For some reason, when I read up to the place where Caramel was speaking with Big Mac, I thought that he would lash out at Caramel and punch him in the muzzle, and after that would give him a good yelling for him to stop being so blind for the bright side of live or something like that. Not sure if it would helped him though.


Unfortunately, there are a lot of people who experience this. Luckily, that means we are not alone.


Thanks! I'm glad the emotions were conveyed well. Good to be in the sunshine. It feels warm. :twilightsmile:

As for Big Mac, I like to think he's pretty smart, and knew that Caramel had to come around on his own terms

i loved it. kind of a bit close to the vest or the chest or however the saying goes, but it was amazing.


Thanks! Glad you enjoyed it! :twilightsmile:

well, it's hard not to like a good piece of literature.

Wonderfully written story.

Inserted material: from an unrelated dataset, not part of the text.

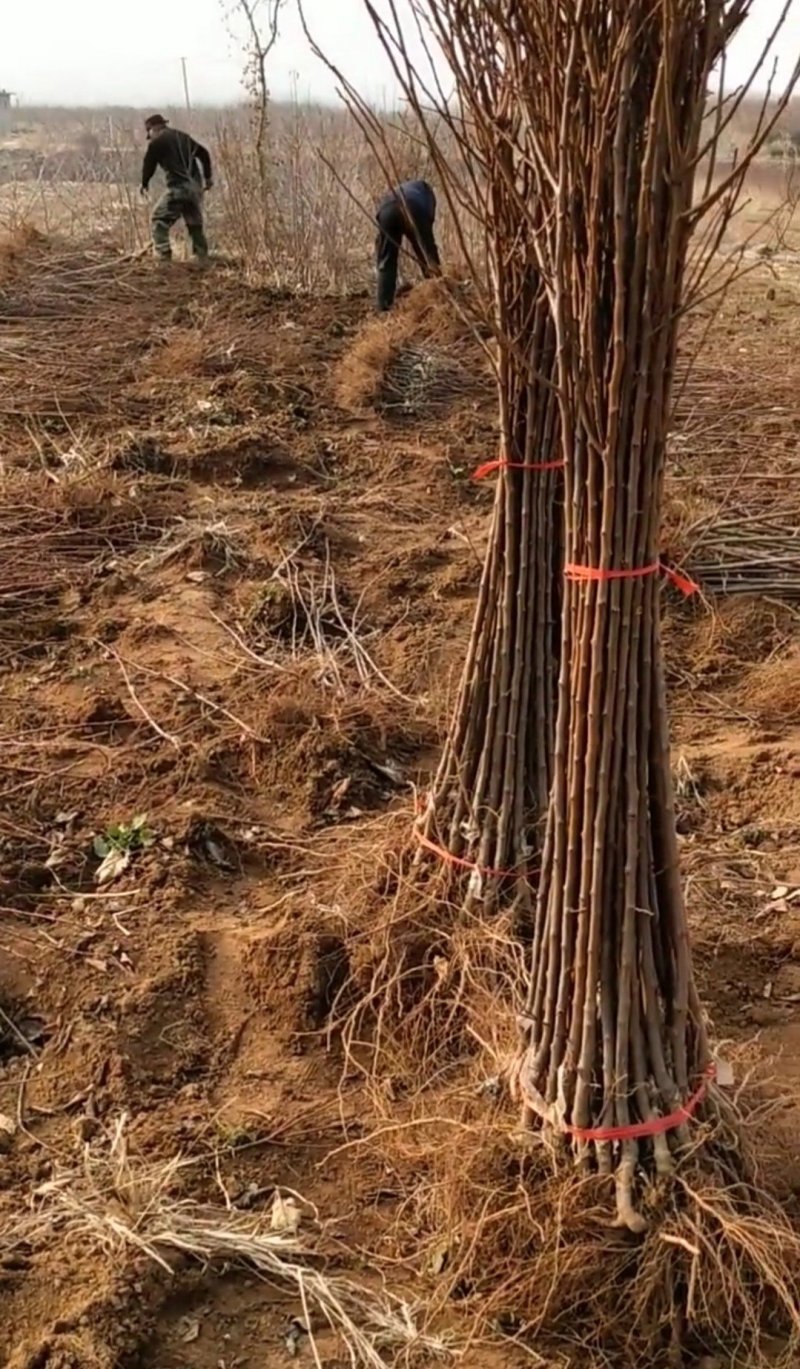 沙金红杏树苗辽南名杏品种纯真基地现起现发货成活率高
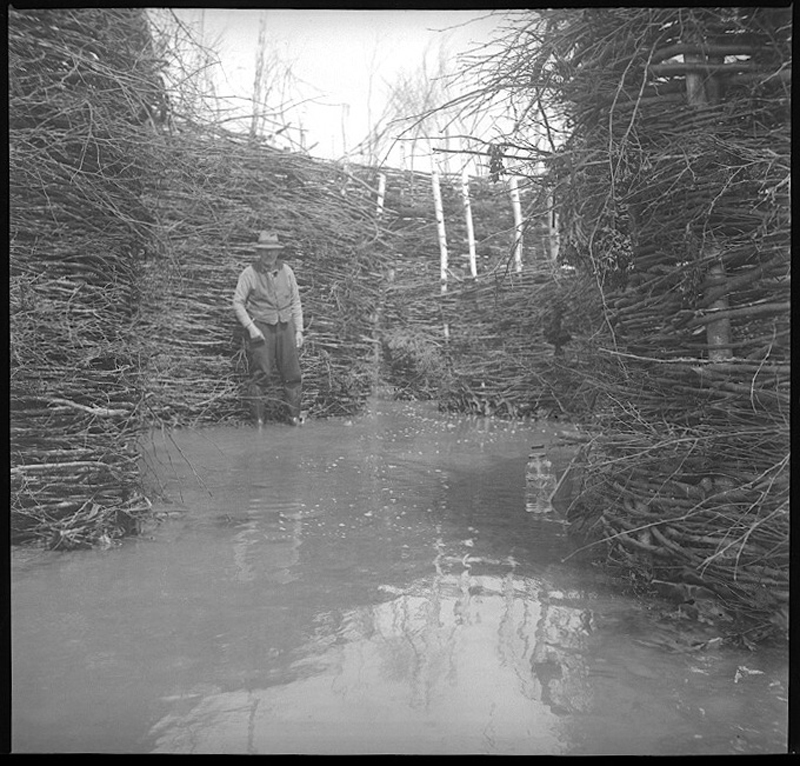 Photo en noir et blanc : Flavius Ouellet debout en eau peu profonde dans une pêche à fascine (branchages entrelacés). Structure de branchages dense (murs,). Troncs d’arbres blancs fins intégrés en arrière-plan. Île aux Patins, Kamouraska : intérieur pêche traditionnelle.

I was pretty depressed when I decided to read this and I think it's because of that reason I really enjoyed it. All the emotions and stages caramel went through were just spot on, or at least they were for me. Also the ending, those last few lines even picked up my spirits. This story really deserves more attention.


Thanks. I'm glad it picked up your spirits at the end. :twilightsmile:

That was incredibly calming. :pinkiesad2:

This was the story equivalent of laying in a bathtub in a melancholy mood and finally getting up, drying off, getting dressed, and facing the day.

Thanks for writing it.


You're welcome! Glad you enjoyed it. :twilightsmile:

Wow. Very amazingly written. I think I'm one of those people who always walks where the rain isn't, but I can still relate to this because someone who's very close to me experiences this all the time. I think it kinda helps me understand just a little, how she feels.


Thanks! I'm glad it could be of some understanding. :twilightsmile:

I love this type of story you've written, I'd give it a Depressing tag but I figure thats for each person to decide. The hopefulness aura it gave in the end was nice if a little odd for me though as it usually takes something a bit more personal to get me, someone who's suffered from chronic depression, to feel the sunshine again. Nevertheless I thought it was a sweet story, well written and well told, thank you.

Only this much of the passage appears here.